For $n\in \mathbb{N}$ numbers $I_{n}=(1,2,3..n)$ and prime $p$, we define operation $(1,2,3..n)$ to $A=(a_{1},a_{2}...a_{p-1})$ as follows:
We arrange the $n$ numbers in a circle, then we eliminate the first number, the $p$th number, the 2$p$th number, etc, until there is only $p-1$ numbers left and the process terminated. We identify this subset as $A$.
My question is, for given $p$, does $A$ being equidistributed in $I_{n}$ with $n\rightarrow \infty$? I feel that "equidistributed" in arbitrarily set seems to be not well defined. In this one I want at least for a subset of $I_{n}$ of the form $S=(s,s+1...s+t-1)$. $|S\cap A|\rightarrow \frac{t}{n}*(p-1)$ with $n\rightarrow \infty$. I do not know whether this is possible. A few simple cases (like $p$=3, $n$=2011) is already in need of programming and the result seemed to be very random, I feel "intuitively" this should be true, but I do not know how to prove it.
There is some confusion which is obvious from the comment. I mean a circular process that eliminate a certain number, jump $p-1$ numbers in between, and then terminate the next number. This process will stop at the place there are $p-1$ numbers left.

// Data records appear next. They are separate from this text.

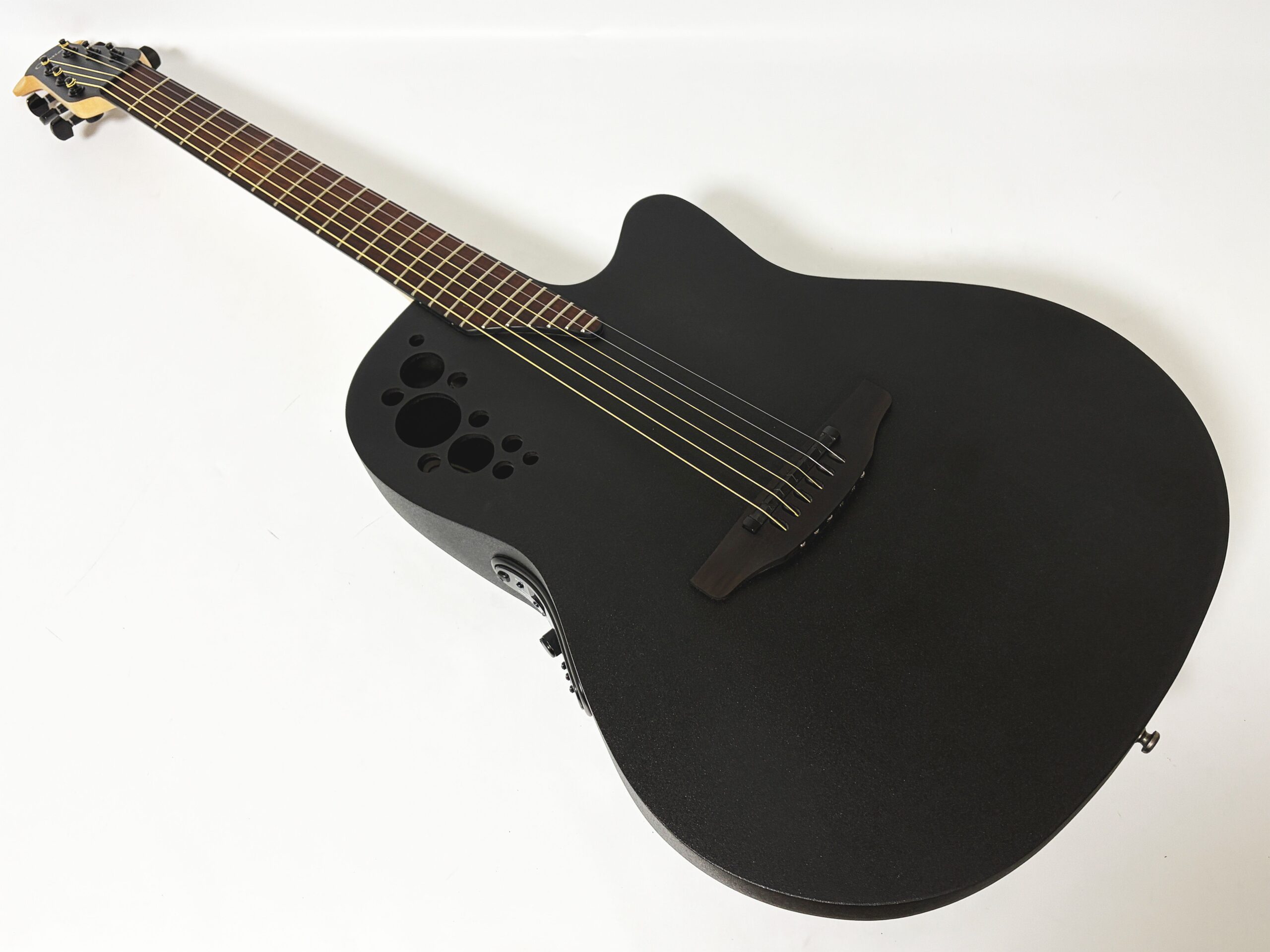 OVATION 1778TX-5 - 画像 (2)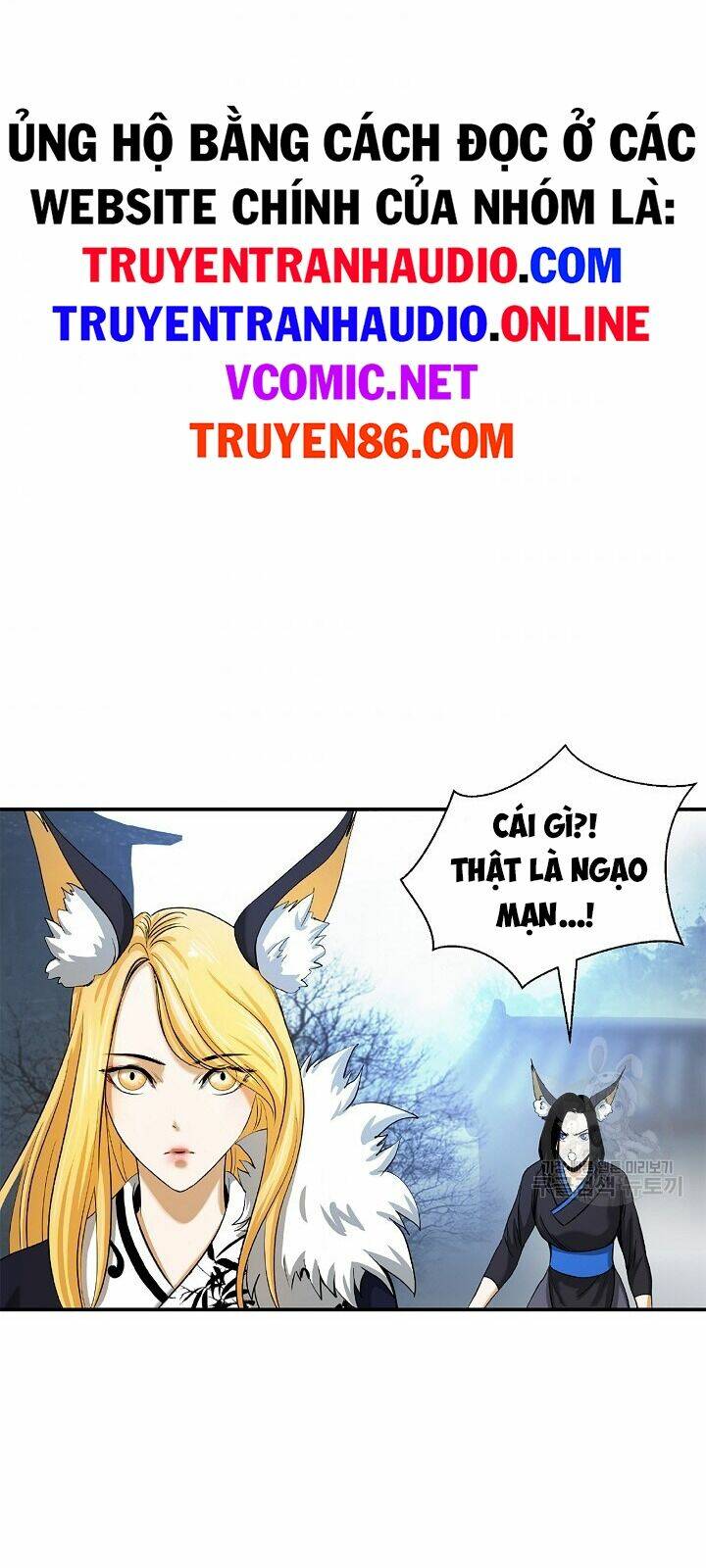 mối tình đêm trăng tròn Chapter 63 - Next Chapter 64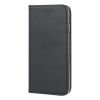 Etui Smart Magnetic do Realme 14x 5G (global) / C75 czarne - zdjęcie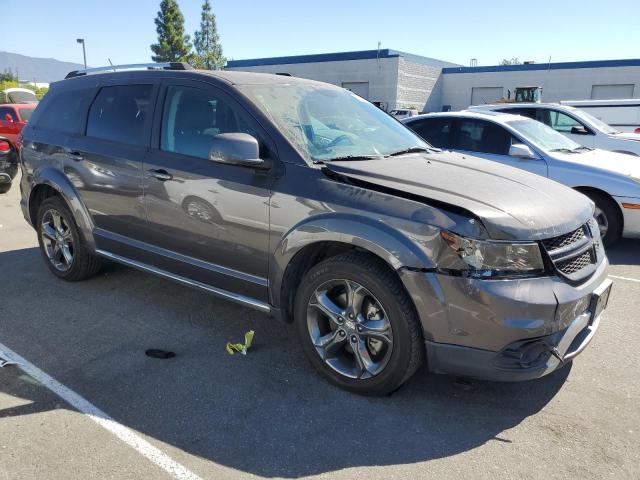 Photo 4 from auction – 2015 DODGE JOURNEY CR with VIN 3C4PDCGB2FT719239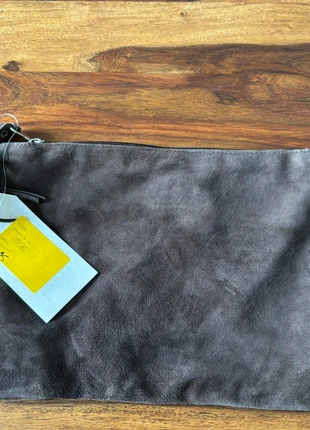 Pochette en velours, estado: Nuevo con etiquetas, 2,00 €, 2,80 € Protección al comprador incluida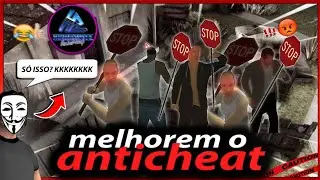 ATUALIZAÇÃO DO MELHOR MOD MENU PARA PUXAR DINHEIRO NO SAMP ANDROID (APK MONEY FARM)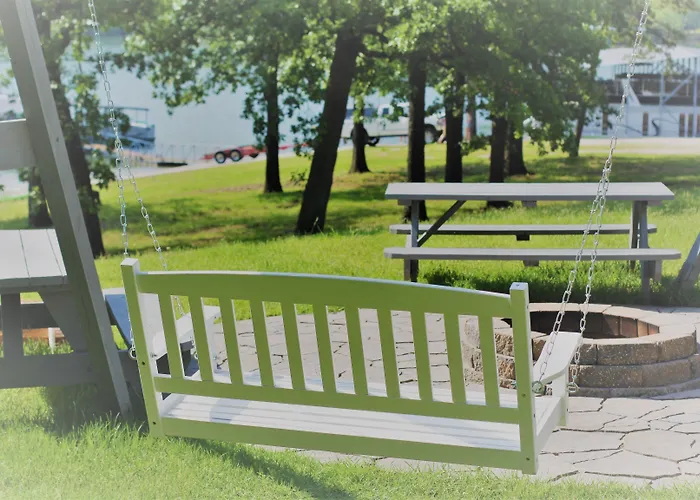Mill Creek Resort On Table Rock Lake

An example: $n=20$, $p=5$, we have $(1,2,3,4,6,7,8,9,11,12,13,14,16,17,18,19)$ in the first elimination process. Then we have $(1,2,3,4,7,8,9,11,13,14,16,17,19)$ in the second round elimination process, and $(1,2,3,7,11,14,16,17,19)$ in the third round, and $(2,3,7,11,16,17,19)$ in the fourth round, finally yielding $(2,7,11,17)$ in the end.